Regulation
White House Rejects FIT 21, Calls for Fair Crypto Laws
The White House has opposed the Financial Innovation and Technology for the 21st Century Act (FIT 21) due to lack of proper investor protection. This move comes even after the bill holds the possibility of influencing new legislation in the cryptocurrency market.
The statement also points out the willingness of the administration to work with the Congress in order to establish a better legal framework for the digital assets.
White House Rejects FIT 21
The US administration has officially voiced its opposition to the FIT 21 bill, which seeks to reform the market rules for digital assets. The White House has noted that the current version of the bill is insufficient in terms of consumer and investor protection in digital asset transactions.
“H. R. 4763 in its current form is inadequate in terms of consumer and investor safeguards,” the administration pointed out. This position points to a more extensive legislative strategy where it would be possible to include all the existing financial authorities into the array of the balanced legislation.
🚨NEW: The @WhiteHouse says it opposes passage of FIT 21 in its current form but also says it’s eager to work with Congress to “ensure a comprehensive and balanced regulatory framework for digital assets.” pic.twitter.com/CUP860dPsR
— Eleanor Terrett (@EleanorTerrett) May 22, 2024
Unlike previous occasions where the White House has threatened to veto other legislative initiatives, the administration has not ruled out further discussions with regard to FIT 21. This approach testifies to the continuous efforts to enhance the regulation of the digital assets, thus strengthening the position of the USA in the global financial space.
SEC Chair Gary Gensler Stance
Simultaneously, the Chair of the Securities and Exchange Commission, Gary Gensler, expressed equally intense criticism of the FIT 21 Act, noting that it will open new loopholes in the regulation of the cryptocurrency market and traditional financial markets. Gensler’s worries are especially on the possibility of creating a loophole for firms to escape a tough regulation from the SEC by simply declaring that they are decentralized.

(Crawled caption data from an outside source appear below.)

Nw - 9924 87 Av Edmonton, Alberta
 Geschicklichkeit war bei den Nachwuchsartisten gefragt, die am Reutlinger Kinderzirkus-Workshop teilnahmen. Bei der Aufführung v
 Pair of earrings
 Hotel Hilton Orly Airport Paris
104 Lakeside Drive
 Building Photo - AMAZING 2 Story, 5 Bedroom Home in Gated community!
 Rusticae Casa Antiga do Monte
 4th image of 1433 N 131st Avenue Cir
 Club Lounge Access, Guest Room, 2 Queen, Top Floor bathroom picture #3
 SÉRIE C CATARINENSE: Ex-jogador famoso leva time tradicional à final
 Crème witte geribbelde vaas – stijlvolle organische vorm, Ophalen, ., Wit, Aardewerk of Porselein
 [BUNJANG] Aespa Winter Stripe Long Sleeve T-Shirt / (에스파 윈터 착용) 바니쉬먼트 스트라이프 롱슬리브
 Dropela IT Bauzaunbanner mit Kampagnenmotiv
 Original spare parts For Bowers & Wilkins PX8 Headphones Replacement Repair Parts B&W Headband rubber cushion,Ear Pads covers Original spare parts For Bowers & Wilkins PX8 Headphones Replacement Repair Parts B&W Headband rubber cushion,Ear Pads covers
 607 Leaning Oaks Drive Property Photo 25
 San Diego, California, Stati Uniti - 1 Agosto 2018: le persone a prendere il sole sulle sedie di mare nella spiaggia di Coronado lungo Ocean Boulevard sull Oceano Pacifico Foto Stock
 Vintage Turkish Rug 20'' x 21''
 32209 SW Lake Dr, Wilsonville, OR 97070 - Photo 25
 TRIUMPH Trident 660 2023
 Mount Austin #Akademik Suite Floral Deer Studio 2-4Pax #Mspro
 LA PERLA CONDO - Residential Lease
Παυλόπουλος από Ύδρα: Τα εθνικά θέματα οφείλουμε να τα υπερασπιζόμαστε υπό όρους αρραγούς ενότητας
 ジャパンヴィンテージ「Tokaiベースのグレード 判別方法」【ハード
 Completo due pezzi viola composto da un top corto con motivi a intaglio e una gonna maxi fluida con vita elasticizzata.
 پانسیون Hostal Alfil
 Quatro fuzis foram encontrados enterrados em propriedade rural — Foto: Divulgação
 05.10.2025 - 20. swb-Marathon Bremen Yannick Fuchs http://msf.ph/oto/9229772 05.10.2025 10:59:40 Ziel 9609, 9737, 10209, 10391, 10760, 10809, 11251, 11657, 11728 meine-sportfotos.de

This, he claims, could reverse the progress made in financial regulatory policies over the last few decades and make investors more vulnerable to risks.
Gensler’s statement also pointed out the possibility of using self-certification to bypass the securities laws and argued that bad players will be able to use it for fraudulent activities. This firm stand is indicative of the fact that the SEC continues to uphold high standards of investors’ protection in the domain of digital assets.
Concurrently, Graham Steele, a former Treasury official, opposed the regulation calling it a light-touch regulatory framework for cryptocurrencies.